Your assignment:
Each line of the records below that contains "light" needs to be copied.

____________________

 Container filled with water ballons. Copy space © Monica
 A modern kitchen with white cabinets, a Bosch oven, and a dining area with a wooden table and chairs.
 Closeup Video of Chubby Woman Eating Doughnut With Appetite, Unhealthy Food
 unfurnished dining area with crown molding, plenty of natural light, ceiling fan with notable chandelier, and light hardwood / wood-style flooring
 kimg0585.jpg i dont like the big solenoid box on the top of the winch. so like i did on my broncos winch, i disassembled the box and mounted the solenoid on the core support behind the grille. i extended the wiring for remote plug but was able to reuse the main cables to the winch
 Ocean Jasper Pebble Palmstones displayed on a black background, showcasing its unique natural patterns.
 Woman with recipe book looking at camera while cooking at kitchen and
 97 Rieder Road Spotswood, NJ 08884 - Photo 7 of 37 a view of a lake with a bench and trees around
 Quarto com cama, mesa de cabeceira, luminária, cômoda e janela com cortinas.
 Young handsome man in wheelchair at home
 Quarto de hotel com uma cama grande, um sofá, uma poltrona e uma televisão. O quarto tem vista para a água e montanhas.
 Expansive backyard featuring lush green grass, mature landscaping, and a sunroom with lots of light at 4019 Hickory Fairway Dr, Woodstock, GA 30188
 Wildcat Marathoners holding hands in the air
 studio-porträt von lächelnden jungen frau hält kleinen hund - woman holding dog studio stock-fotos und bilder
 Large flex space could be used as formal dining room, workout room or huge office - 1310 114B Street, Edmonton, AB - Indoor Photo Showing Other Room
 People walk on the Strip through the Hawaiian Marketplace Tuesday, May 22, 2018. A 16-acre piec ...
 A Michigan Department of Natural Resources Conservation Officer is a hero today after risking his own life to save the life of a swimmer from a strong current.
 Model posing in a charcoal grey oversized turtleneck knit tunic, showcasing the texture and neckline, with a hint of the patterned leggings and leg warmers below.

____________________

Exercise result:
 unfurnished dining area with crown molding, plenty of natural light, ceiling fan with notable chandelier, and light hardwood / wood-style flooring
 Expansive backyard featuring lush green grass, mature landscaping, and a sunroom with lots of light at 4019 Hickory Fairway Dr, Woodstock, GA 30188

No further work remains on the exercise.